CoursePlus Outage on October 7, 2020
CoursePlus was unavailable from 11:48pm US Eastern time on Wednesday, October 7 until 1:03am on Thursday, October 8. This was the first unplanned outage for CoursePlus since 2017. We know that any downtime for CoursePlus is frustrating and difficult for the thousands of students, faculty, and staff who rely on immediate access to CoursePlus every day. This post details the cause of the problem, and how it was remediated.
Like all modern web applications, CoursePlus stores information in a database. At the heart of many database systems is a transaction log. This transaction log is an ordered list of every single change that has occurred in every single part of the database. These transaction logs guarantee data consistency even if there’s a power failure or some other major interruption. These logs grow rapidly with every single request to the database. If the storage on which the the transaction logs reside runs out of space, the database can’t continue to write to this log, and the database rejects all requests. To counter this, transaction logs are backed up automatically by the database system. Last night, this backup process got stuck and caused the database to say “I can’t accurately and safely continue to write to the transaction log, so I’ll just reject all requests right now.” As a result, CoursePlus stopped functioning normally for everyone.
Fortunately, the JHSPH IT team was alerted to this problem fairly quickly by the CoursePlus team.
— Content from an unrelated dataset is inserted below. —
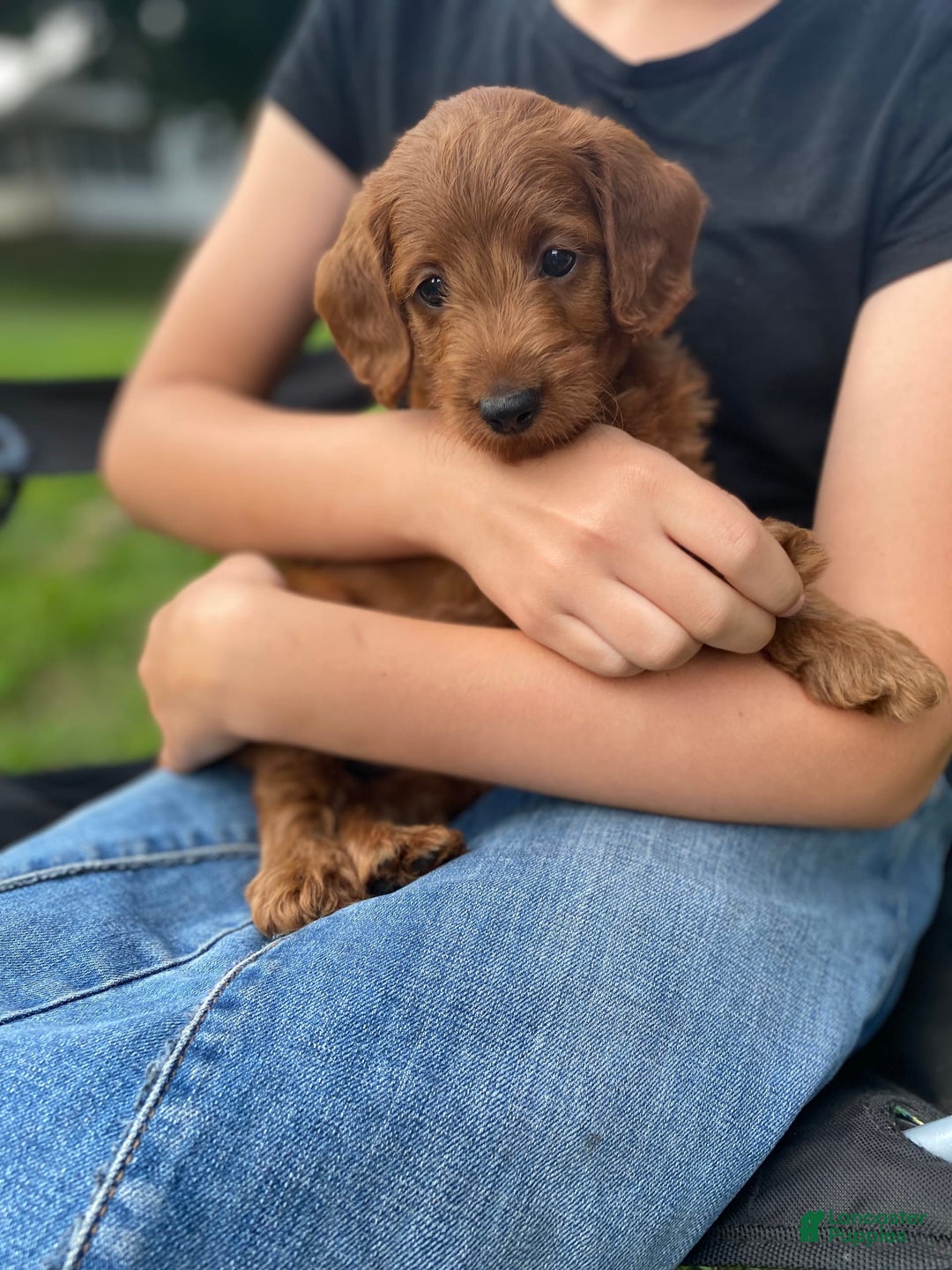  dogs for sale: Roscoe - Image 3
The JHSPH IT team worked as quickly as they could to resolve this problem. Once resolved, CoursePlus was operating normally again.
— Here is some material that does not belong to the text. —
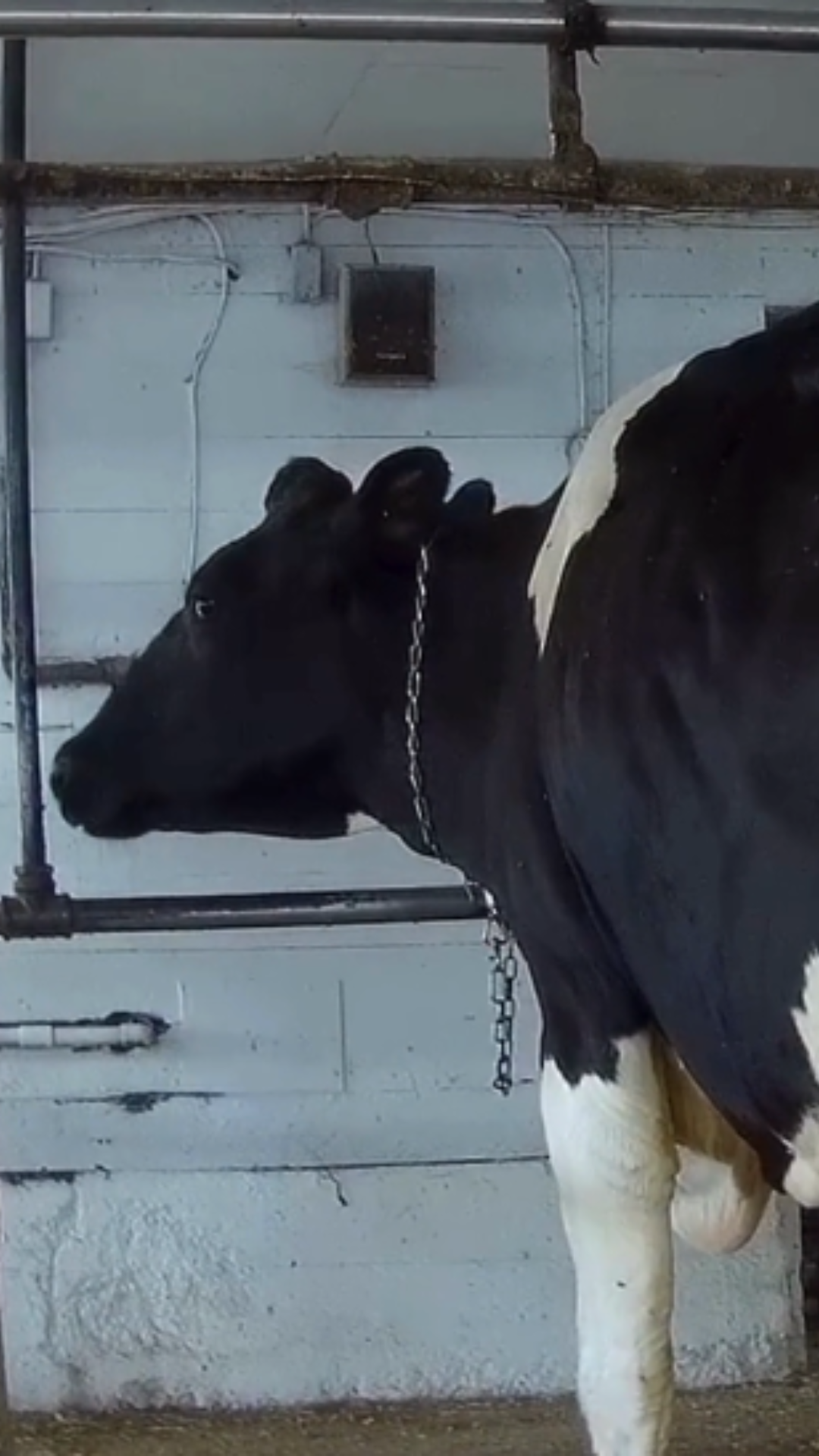 Raw Milk Investigation Image 4 A chained cow unable to turn around.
We know that the time period around midnight each day is a very busy time on CoursePlus, with students turning in assignments and completing quizzes and exams that are due that day by 11:59pm. Any outage at any time is frustrating and difficult for everyone, but an outage during this time is particularly problematic. The CoursePlus team is grateful for the quick response by the JHSPH IT team to this issue, and for the tenacity of everyone who was using CoursePlus during this time.